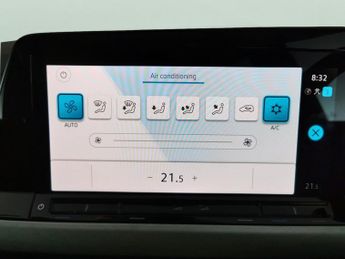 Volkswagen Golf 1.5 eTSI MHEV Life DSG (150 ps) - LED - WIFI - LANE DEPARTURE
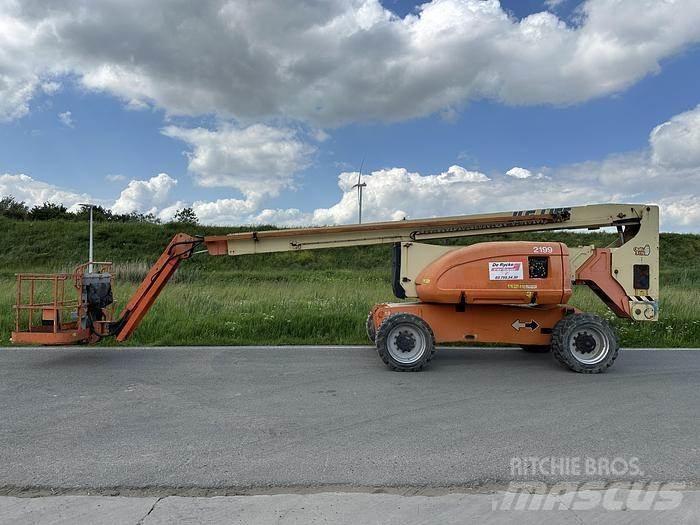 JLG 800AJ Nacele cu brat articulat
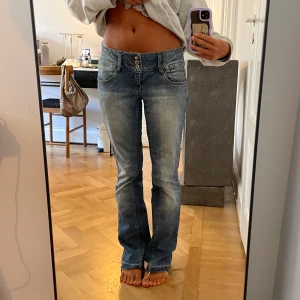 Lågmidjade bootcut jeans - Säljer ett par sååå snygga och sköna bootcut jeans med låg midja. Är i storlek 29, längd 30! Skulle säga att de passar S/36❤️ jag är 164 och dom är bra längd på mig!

» **What to work on**:
Print the data above verbatim from the first line through the line holding "JLG 800AJ Nacele cu brat articulat", leaving every picture out.

» **Solution to this problem**:
 Volkswagen Golf 1.5 eTSI MHEV Life DSG (150 ps) - LED - WIFI - LANE DEPARTURE
 JLG 800AJ Nacele cu brat articulat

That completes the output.